Unable to validate the plugin requirements: ['plugins.Info.kernel.layer_name', 'plugins.Info.kernel.symbol_table_name']

nallamuthu commented 7 months ago

Output of isfinfo plugin after removing the duplicate symbol file:

Volatility 3 Framework 2.7.0 INFO volatility3.cli: Volatility plugins path: ['/home/analyst1/Tools/vol3/volatility3/plugins', '/home/analyst1/Tools/vol3/volatility3/framework/plugins'] INFO volatility3.cli: Volatility symbols path: ['/home/analyst1/Tools/vol3/volatility3/symbols', '/home/analyst1/Tools/vol3/volatility3/framework/symbols'] DETAIL 4 volatility3.framework: Importing from the following paths: /home/analyst1/Tools/vol3/volatility3/plugins, /home/analyst1/Tools/vol3/volatility3/framework/plugins DETAIL 4 volatility3.framework: Importing from the following paths: /home/analyst1/Tools/vol3/volatility3/framework/automagic DETAIL 3 volatility3.cli: Cache directory used: /home/analyst1/.cache/volatility3 INFO volatility3.framework.automagic: No plugin category detected DETAIL 4 volatility3.framework: Importing from the following paths: /home/analyst1/Tools/vol3/volatility3/framework/layers INFO volatility3.framework.automagic: Running automagic: ConstructionMagic DETAIL 4 volatility3.framework: Importing from the following paths: /home/analyst1/Tools/vol3/volatility3/framework/layers INFO volatility3.framework.automagic: Running automagic: SymbolCacheMagic DETAIL 4 volatility3.framework.symbols.intermed: Searching for symbols in /home/analyst1/Tools/vol3/volatility3/symbols, /home/analyst1/Tools/vol3/volatility3/framework/symbols INFO volatility3.framework.automagic: Running automagic: LayerStacker DETAIL 4 volatility3.framework: Importing from the following paths: /home/analyst1/Tools/vol3/volatility3/framework/layers INFO volatility3.framework.automagic: Running automagic: WinSwapLayers INFO volatility3.framework.automagic: Running automagic: KernelPDBScanner INFO volatility3.framework.automagic: Running automagic: SymbolFinder INFO volatility3.framework.automagic: Running automagic: MacSymbolFinder INFO volatility3.framework.automagic: Running automagic: LinuxSymbolFinder INFO volatility3.framework.automagic: Running automagic: KernelModule DETAIL 3 volatility3.cli.text_filter: Filters: []

URI Valid Number of base_types Number of types Number of symbols Number of enums Identifying information

file:///home/analyst1/Tools/vol3/volatility3/symbols/2A832A6884144D88C39DB4B4DB66D71C-1.json.xz Unknown 16 1820 44399 361 b'ntkrnlmp.pdb|2A832A6884144D88C39DB4B4DB66D71C|1'

eve-mem commented 7 months ago

Great thanks. Looks like the symbols you made are in the right place and are being picked up, but it's not quite working.

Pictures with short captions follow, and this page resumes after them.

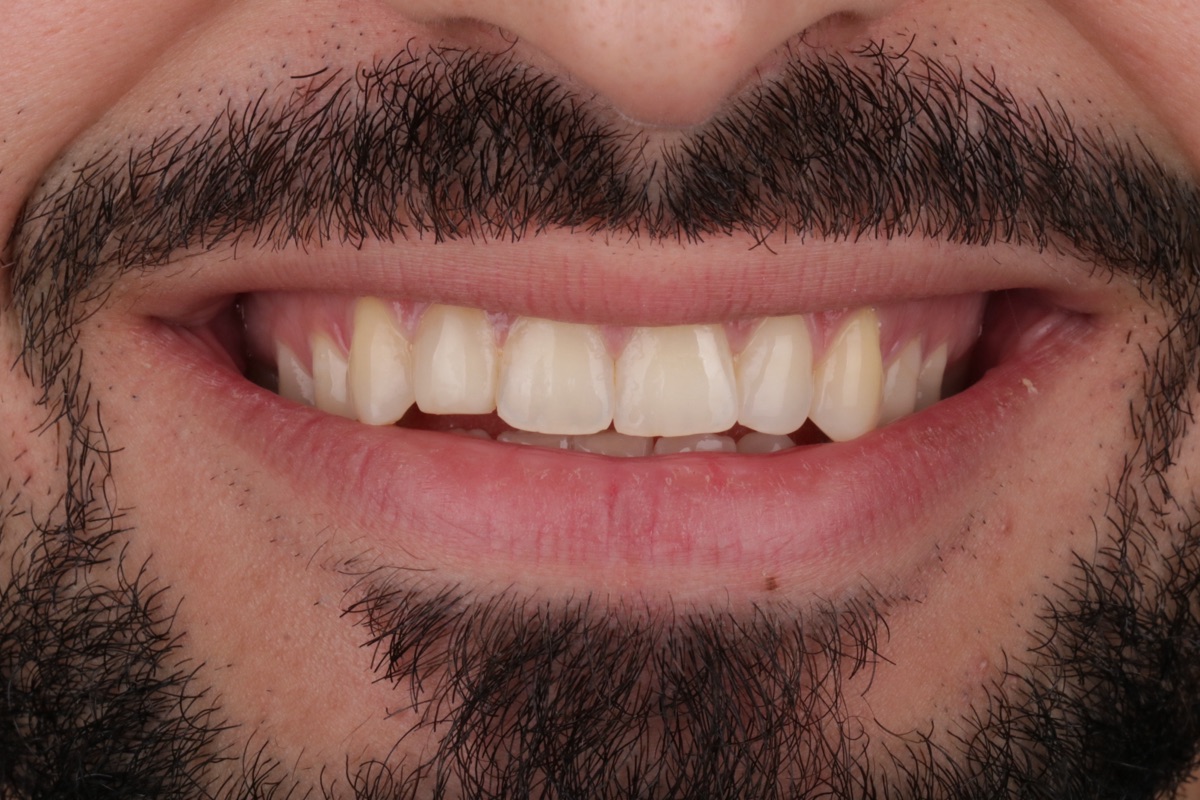 Before veneers - Jamal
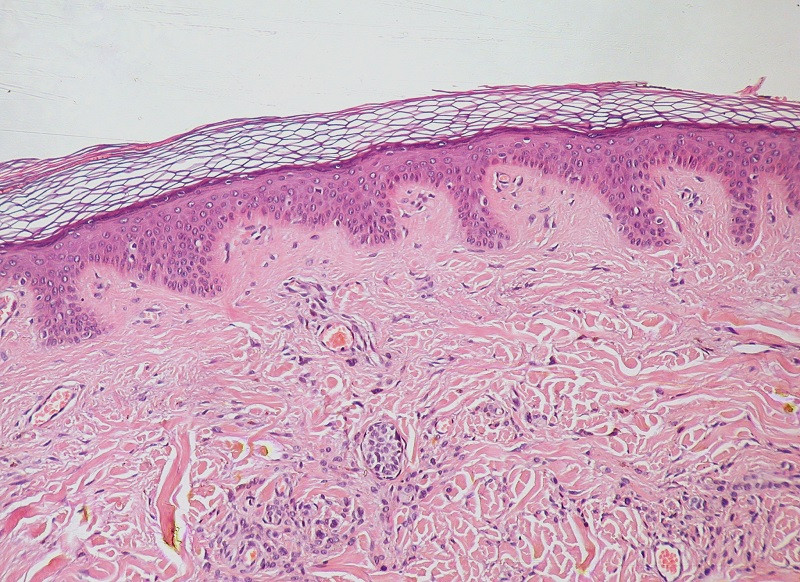 Loose connective tissue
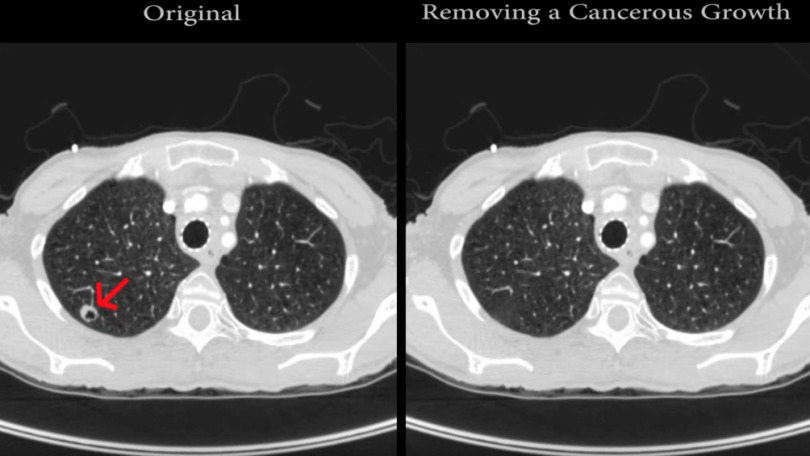 Grave: Investigadores logran alteran diagnósticos de pacientes de cáncer a través de hacking Grave: Investigadores logran alteran diagnósticos de pacientes de cáncer a través de hacking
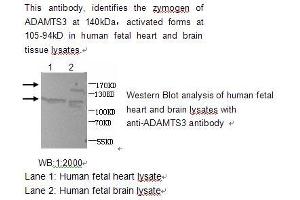 Image no. 1 for anti-ADAM Metallopeptidase with Thrombospondin Type 1 Motif, 3 (ADAMTS3) antibody (ABIN790775)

How exactly did you acquire the memory?

nallamuthu commented 7 months ago

using dumpit tool. Tried with 2 option, dump with system privilege and dump with admin privilege. Dumped using FTK imager as well. Same issue.

eve-mem commented 7 months ago

Hello, thank you for the information. Ah t the moment I'm not clear why it isn't working. Perhaps someone else will spot the issue.

Is this memory sample one you can share?

nallamuthu commented 7 months ago

I have taken multiple memory dump using mulitple tools. still the same. Sharing memory dump might not help.

github-actions[bot] commented 1 week ago

This issue is stale because it has been open for 200 days with no activity.